§ AIM OF THE EXERCISE
Leave the images out and repeat the data exactly as given.

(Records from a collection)
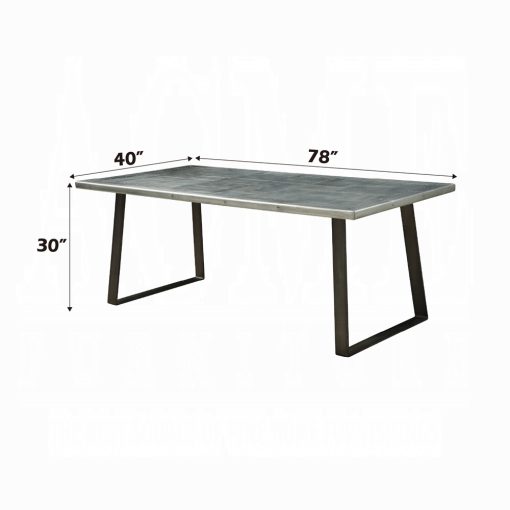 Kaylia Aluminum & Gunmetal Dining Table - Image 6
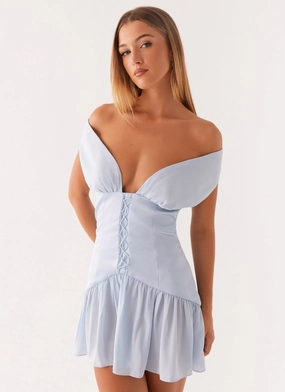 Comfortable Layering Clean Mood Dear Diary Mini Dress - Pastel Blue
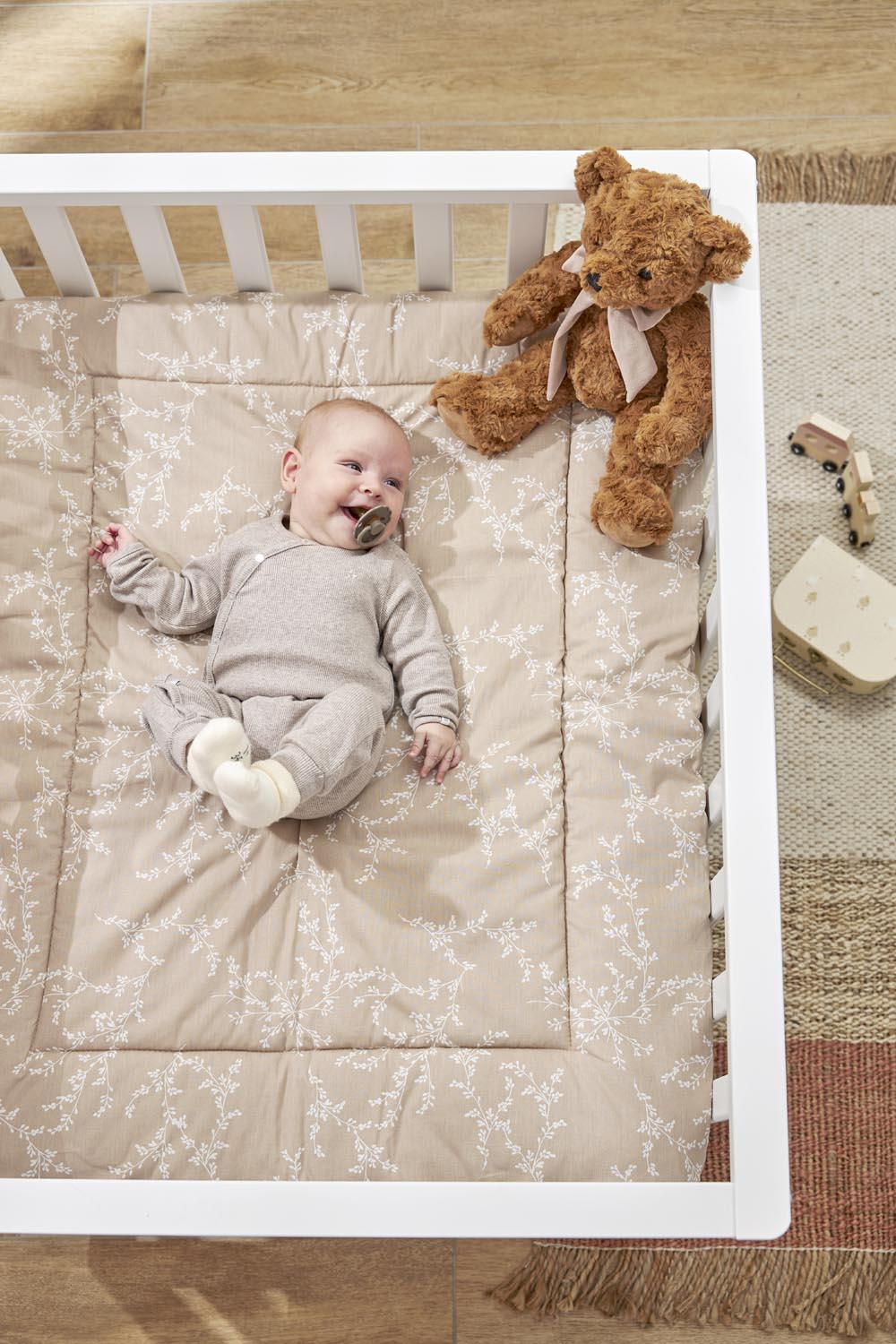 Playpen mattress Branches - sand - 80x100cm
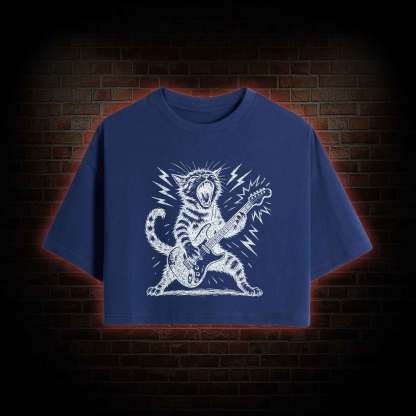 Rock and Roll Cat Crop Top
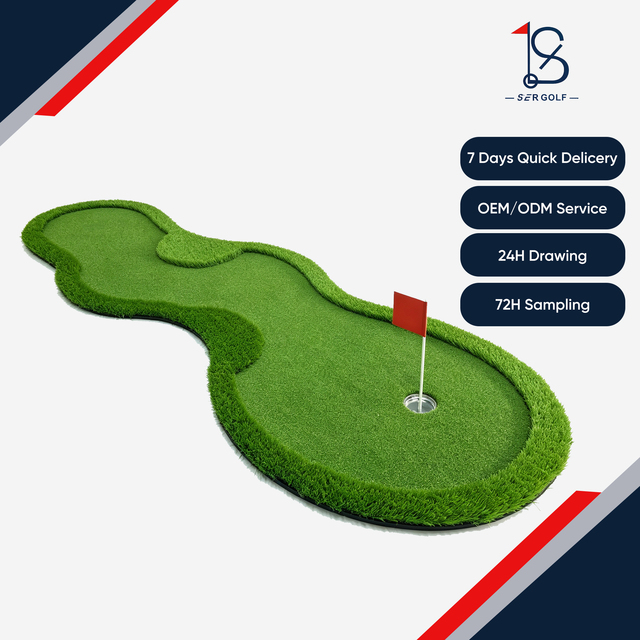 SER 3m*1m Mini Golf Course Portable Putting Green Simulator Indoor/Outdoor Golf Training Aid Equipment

§ ANSWER AREA
 Kaylia Aluminum & Gunmetal Dining Table - Image 6
 Comfortable Layering Clean Mood Dear Diary Mini Dress - Pastel Blue
 Playpen mattress Branches - sand - 80x100cm
 Rock and Roll Cat Crop Top
 SER 3m*1m Mini Golf Course Portable Putting Green Simulator Indoor/Outdoor Golf Training Aid Equipment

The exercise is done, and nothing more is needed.